In fact, the Syrian Observatory for Human Rights organization reported the Feb. 15 strikes “killed nine Iran-backed fighters,” not “16 militiamen of non-Syrian nationality.” By concealing that the killed fighters were Iran-backed, O’Connor further downplays Iran’s military entrenchment in Syria.
But it’s O’Connor’s misreporting of the big picture that is so disturbing. Had the Newsweek writer given a little less space to Syrian, Iranian and Russian views, and a little more to Western positions, readers might have learned, as reported by the U.S. Institute of Peace:
Iran continues to entrench itself in Syria. Syria is Iran’s only state ally and key to Tehran’s purported “forward defense” strategy. Iran is pursuing a two-track policy of military entrenchment and economic and political expansion that is designed to ensure a permanent presence and influence in Syria. For Iran, Syria is a theater for the projection of power and influence in the Middle East, a land bridge to the Levant and Mediterranean, and a third front—in addition to Lebanon and Gaza—against Israel. …
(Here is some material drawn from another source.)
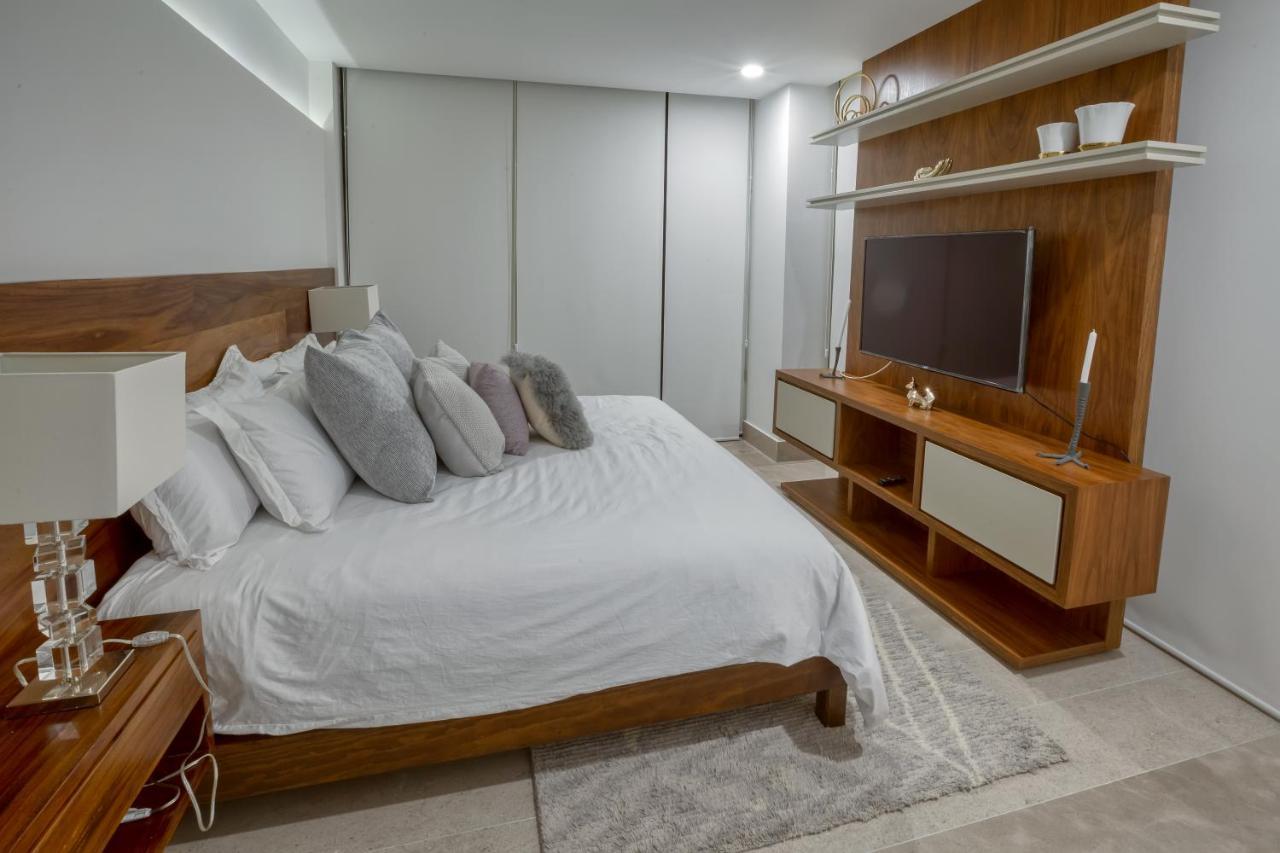 Astonishing Condo With Balcony In A Private Complex With Pool And Gym Playa del Carmen Buitenkant foto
Iran’s military entrenchment in Syria takes at least three forms: the introduction of advanced weapon systems; the establishment of military command centers, often within existing regime bases; and the insertion of troops. Iran supplies the regime with a wide range of munitions, including short-range ballistic missiles, drones, and antitank missiles. In addition to its own weapons systems in Syria, which remain under Iranian command, Iran also continues to attempt to transfer sophisticated weaponry, including precision guided missiles, to Hezbollah. Iranian forces are present, according to one estimate, at nearly forty locations in the country.
Indeed, such coverage would have provided a vastly different picture than that painted by O’Connor of exactly who is “terrorizing” whom.